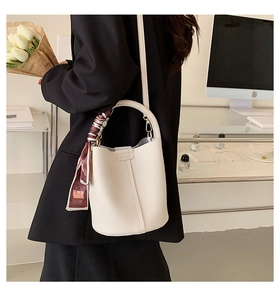 Close-up of cream lychee texture leather bucket bag with elegant floral scarf handle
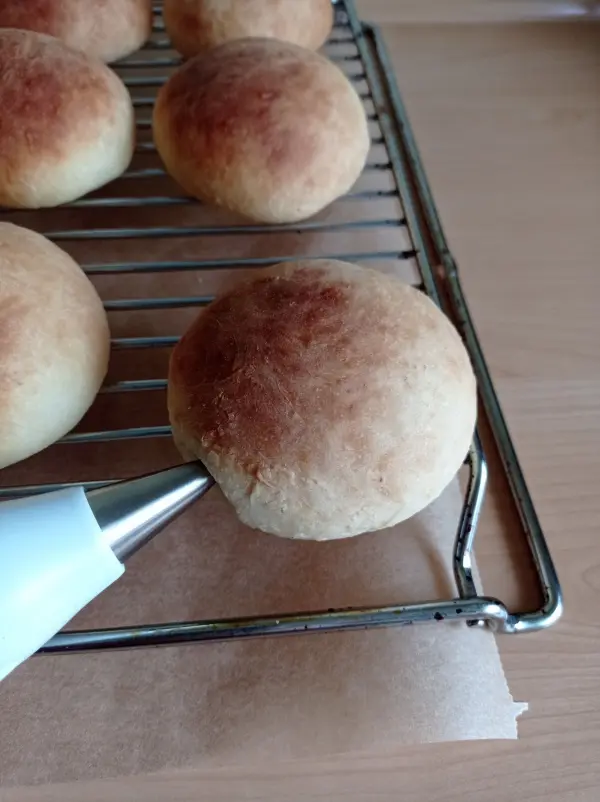 Auf einem Kuchengitter liegen frisch gebackene Berliner, während eine Spritztülle sie sanft berührt.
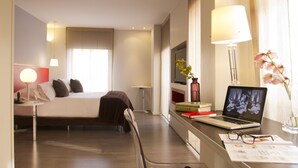 A hotel room with a bed, desk, chair, lamp, laptop, books, and a vase with flowers. - Central Apartamentos Bogota (Bogotá)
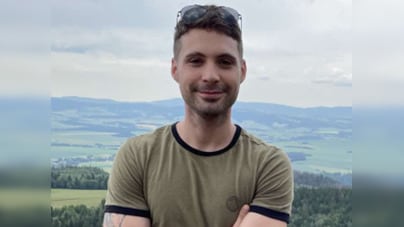A man leans against a railing and smiles, with arms crossed in front of him. Rolling farmland and forest can be seen in the background.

→ **Problem statement**: I would like you to set down the lines above, from the one containing "Auf einem Kuchengitter" to the final line, exactly as written and without pictures.

→ **Solution for this exercise**:
 Auf einem Kuchengitter liegen frisch gebackene Berliner, während eine Spritztülle sie sanft berührt.
 A hotel room with a bed, desk, chair, lamp, laptop, books, and a vase with flowers. - Central Apartamentos Bogota (Bogotá)
A man leans against a railing and smiles, with arms crossed in front of him. Rolling farmland and forest can be seen in the background.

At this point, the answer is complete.